- [Try it]
Count the lines below that include the word "برای", then give that number and no other words.

### Provided records

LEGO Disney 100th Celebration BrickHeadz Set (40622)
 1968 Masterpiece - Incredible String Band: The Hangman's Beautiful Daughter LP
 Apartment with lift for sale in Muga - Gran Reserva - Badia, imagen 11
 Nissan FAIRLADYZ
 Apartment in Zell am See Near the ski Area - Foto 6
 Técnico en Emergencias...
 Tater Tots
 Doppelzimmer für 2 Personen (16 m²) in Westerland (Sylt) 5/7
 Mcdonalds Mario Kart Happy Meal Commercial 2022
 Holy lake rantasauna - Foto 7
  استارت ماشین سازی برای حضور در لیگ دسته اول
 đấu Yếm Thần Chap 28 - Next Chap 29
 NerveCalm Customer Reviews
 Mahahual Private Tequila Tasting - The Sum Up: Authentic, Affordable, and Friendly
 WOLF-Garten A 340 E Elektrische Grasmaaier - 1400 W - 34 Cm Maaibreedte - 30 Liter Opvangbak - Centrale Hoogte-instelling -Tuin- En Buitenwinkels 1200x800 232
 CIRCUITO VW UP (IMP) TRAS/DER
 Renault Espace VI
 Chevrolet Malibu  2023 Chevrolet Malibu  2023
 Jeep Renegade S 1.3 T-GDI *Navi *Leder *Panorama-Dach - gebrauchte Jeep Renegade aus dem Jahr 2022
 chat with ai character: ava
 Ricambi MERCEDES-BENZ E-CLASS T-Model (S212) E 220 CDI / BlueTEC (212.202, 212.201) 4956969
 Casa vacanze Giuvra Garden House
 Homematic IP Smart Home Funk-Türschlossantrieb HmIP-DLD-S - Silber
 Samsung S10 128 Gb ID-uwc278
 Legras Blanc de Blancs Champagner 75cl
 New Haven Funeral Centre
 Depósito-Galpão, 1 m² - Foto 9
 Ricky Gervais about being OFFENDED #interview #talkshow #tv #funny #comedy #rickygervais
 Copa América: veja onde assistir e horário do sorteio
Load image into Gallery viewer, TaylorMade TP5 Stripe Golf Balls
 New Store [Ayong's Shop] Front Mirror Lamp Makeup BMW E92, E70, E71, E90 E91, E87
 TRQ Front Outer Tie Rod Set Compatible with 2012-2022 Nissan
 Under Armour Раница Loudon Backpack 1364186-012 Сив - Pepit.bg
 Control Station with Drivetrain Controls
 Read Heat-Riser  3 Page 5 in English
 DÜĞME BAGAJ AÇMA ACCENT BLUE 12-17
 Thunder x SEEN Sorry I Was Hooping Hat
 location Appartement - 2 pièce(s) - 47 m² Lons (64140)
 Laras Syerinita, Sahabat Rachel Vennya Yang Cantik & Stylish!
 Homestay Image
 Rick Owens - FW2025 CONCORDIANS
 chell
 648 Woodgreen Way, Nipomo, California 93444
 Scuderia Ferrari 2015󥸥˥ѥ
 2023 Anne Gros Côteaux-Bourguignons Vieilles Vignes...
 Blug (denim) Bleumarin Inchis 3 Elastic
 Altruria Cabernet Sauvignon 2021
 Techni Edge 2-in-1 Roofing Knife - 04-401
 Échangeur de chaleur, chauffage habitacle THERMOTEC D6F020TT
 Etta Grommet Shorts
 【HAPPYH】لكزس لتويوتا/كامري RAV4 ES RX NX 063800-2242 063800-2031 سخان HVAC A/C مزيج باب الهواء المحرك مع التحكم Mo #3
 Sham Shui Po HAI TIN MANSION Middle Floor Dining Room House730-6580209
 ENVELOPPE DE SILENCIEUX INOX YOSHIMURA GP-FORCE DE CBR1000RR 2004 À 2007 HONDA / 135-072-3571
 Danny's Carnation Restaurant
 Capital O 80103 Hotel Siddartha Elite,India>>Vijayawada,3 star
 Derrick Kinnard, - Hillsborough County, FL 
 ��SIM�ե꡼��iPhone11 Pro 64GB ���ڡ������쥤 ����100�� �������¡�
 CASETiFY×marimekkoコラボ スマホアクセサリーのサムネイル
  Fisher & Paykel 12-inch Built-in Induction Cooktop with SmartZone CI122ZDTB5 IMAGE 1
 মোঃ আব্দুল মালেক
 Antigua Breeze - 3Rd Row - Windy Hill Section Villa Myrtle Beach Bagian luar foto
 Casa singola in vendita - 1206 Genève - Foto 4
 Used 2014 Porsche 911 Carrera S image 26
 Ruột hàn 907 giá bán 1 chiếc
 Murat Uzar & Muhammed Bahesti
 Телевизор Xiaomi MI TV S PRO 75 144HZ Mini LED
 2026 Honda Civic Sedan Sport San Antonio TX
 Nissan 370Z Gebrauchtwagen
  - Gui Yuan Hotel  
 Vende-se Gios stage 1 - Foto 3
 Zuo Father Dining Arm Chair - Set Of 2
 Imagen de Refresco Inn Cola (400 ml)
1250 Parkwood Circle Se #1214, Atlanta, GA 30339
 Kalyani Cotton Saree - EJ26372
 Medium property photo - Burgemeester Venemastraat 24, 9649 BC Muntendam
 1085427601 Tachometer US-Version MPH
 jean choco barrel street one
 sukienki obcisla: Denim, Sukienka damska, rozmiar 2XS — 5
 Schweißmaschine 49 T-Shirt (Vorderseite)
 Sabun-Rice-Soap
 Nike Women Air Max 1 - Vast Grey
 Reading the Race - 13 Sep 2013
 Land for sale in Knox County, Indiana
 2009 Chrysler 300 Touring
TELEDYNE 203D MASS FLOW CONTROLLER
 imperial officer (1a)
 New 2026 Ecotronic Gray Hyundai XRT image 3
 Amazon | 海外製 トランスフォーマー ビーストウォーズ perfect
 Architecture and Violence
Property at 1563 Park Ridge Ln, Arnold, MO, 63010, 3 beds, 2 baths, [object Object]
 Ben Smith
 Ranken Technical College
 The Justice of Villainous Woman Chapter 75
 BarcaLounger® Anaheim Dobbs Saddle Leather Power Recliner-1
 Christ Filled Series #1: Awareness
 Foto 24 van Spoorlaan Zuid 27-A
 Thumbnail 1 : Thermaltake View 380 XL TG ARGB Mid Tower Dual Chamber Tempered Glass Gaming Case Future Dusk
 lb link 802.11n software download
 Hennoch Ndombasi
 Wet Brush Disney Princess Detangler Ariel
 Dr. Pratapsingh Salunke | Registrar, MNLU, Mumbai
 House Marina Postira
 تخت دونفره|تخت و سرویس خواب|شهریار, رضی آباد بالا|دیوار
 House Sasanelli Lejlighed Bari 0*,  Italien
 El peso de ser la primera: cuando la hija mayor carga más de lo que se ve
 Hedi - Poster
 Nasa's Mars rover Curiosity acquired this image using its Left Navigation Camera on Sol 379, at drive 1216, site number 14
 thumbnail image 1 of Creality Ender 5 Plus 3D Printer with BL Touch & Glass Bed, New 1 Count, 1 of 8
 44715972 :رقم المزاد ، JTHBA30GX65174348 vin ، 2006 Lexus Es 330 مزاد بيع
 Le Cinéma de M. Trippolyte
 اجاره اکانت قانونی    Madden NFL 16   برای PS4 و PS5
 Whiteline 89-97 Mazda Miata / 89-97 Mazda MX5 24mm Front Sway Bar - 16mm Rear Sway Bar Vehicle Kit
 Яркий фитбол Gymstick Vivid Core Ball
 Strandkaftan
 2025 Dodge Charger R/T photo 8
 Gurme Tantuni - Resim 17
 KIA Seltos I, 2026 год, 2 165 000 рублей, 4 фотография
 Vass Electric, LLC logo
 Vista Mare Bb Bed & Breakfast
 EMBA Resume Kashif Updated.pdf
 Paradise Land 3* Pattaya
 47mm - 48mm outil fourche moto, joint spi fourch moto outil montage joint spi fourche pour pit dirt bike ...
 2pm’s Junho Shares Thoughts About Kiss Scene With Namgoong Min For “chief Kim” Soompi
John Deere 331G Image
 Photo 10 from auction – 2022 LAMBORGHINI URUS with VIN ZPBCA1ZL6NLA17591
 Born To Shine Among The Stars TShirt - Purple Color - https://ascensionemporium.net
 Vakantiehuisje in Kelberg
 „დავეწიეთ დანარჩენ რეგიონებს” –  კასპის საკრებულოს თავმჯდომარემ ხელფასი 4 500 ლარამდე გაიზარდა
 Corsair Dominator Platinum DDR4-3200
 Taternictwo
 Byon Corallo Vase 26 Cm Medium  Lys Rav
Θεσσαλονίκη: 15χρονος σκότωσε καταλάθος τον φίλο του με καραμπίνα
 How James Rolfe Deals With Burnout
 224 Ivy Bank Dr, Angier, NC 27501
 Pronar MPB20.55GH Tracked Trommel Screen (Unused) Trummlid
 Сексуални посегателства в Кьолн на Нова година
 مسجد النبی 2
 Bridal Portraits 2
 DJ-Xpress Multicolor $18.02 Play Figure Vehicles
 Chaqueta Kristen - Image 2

######

- [Solved exercise]
2